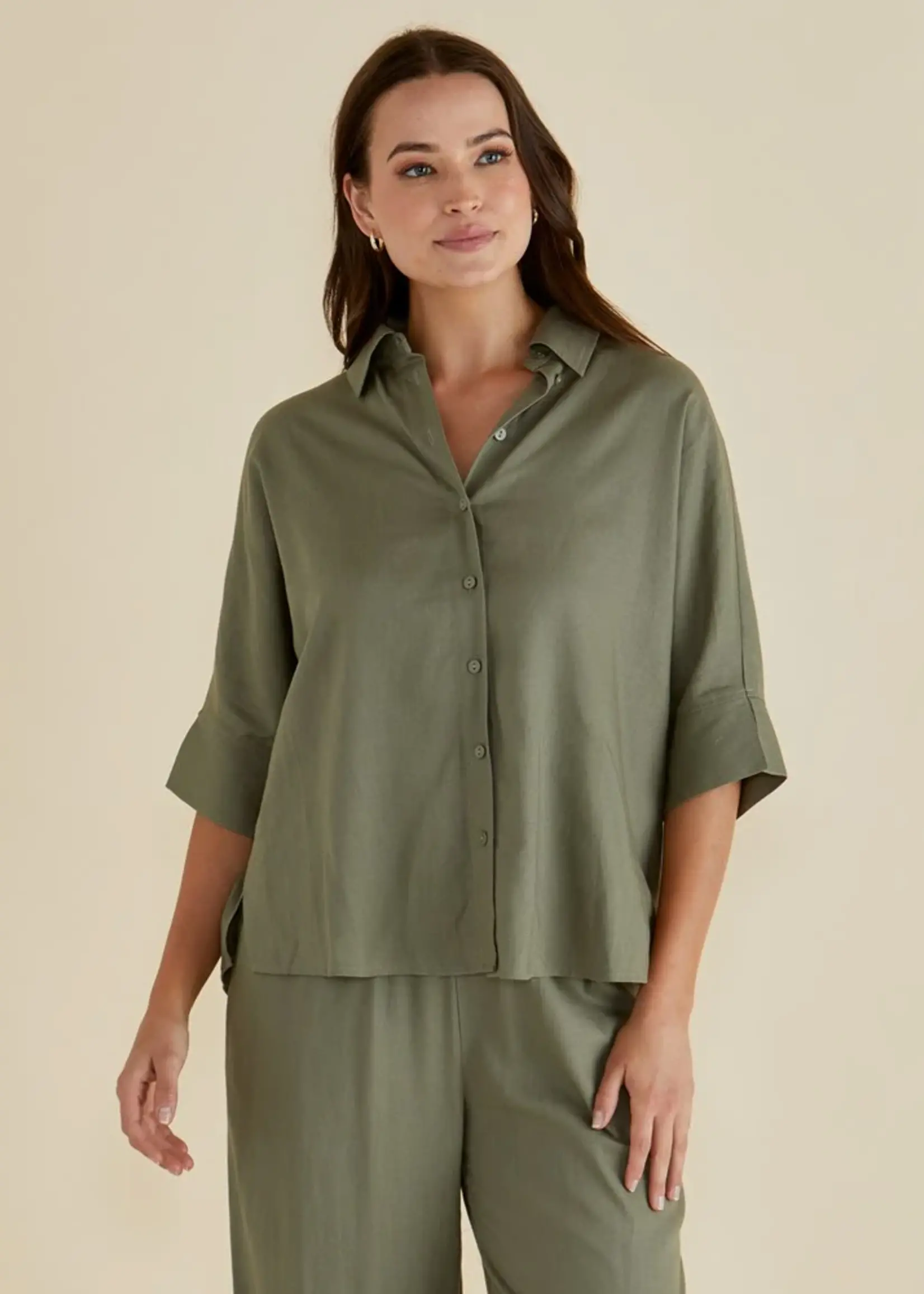 Betty Basic Lynwood Linen Shirt - Olive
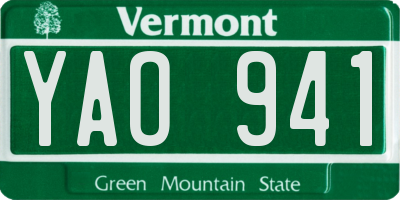 VT license plate YAO941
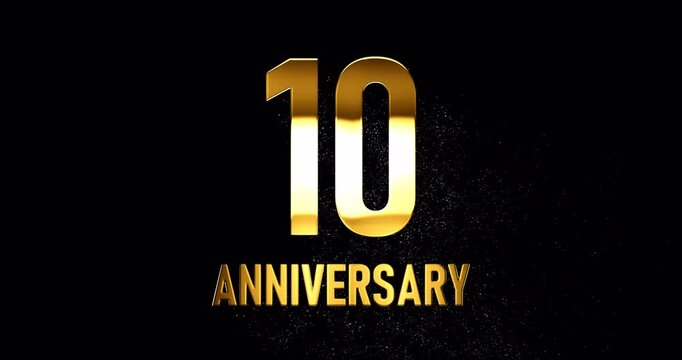 Gold 10 years anniversary, numbers with glare and glittering falling particles, ten years jubilee or birthday celebration, loop footage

++++++++

Exercise details | Reprint the listing above verbatim but drop the images.

Exercise result |
 Betty Basic Lynwood Linen Shirt - Olive
 VT license plate YAO941
 Gold 10 years anniversary, numbers with glare and glittering falling particles, ten years jubilee or birthday celebration, loop footage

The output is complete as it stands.